The manufacturing of the anti-covid vaccine in Morocco will “certainly” help fight the pandemic in Africa, said Tuesday in Rabat, director of the African Union Center for Disease Control and Prevention (CDC Africa), Dr. John Nkengasong.
“I have learned that in a few months Morocco will start manufacturing vaccines. This will certainly help in the fight against Covid-19 in the Kingdom, but also at the continental level,” he told the press at the end of talks in Rabat with Foreign Minister Nasser Bourita.
Nkengasong also praised the scale of the vaccination campaign in Morocco, “which has already vaccinated more than 45% of the population, making it the first country in Africa to have really high coverage, comparable to what we have seen in European countries”.
He also expressed CDC Africa’s “support” for all the actions carried out by the Kingdom to fight Covid-19 at the local and continental levels, mentioning, in this regard, the donations granted last year by Morocco to about twenty African countries to help them fight the pandemic.

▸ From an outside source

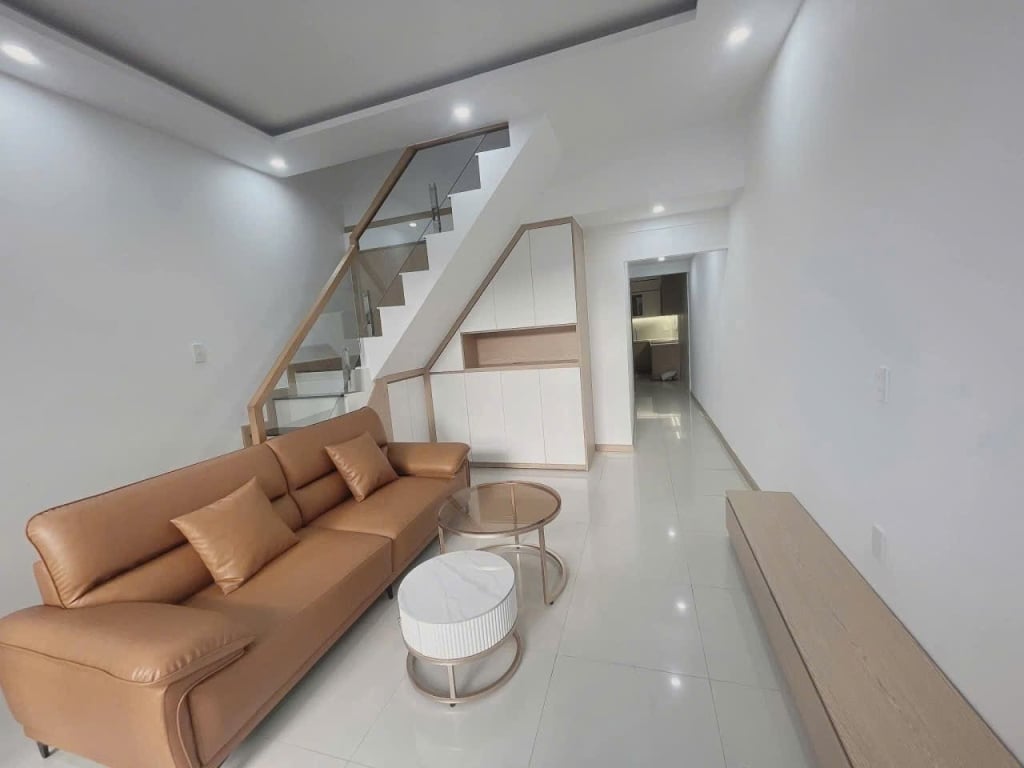 Nhà đẹp 2 tầng 62m² K382 Núi Thành, Hòa Cường, Hải Châu chỉ 4.75 tỷ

The CDC Africa chief, who is on a working visit to Morocco at the head of a high-level delegation, also held a meeting with Health Minister Khalid Aït Taleb, during which he highlighted Morocco’s actions to pool African countries’ efforts in the fight against the pandemic.
He stressed that his visit to the Kingdom aims to discuss ways to enable African countries to benefit from the Moroccan experience and good practices for an effective management of the crisis.
Morocco has so far administered 28.8 million doses of the AstraZeneca and Sinopharm vaccines in addition to 300,000 doses of Johson & Johnson.
Last week it took receipt of a first shipment of 700,000 doses of the Pfizer-BioNTech vaccine as it diversifies supply sources to meet its herd immunity goal.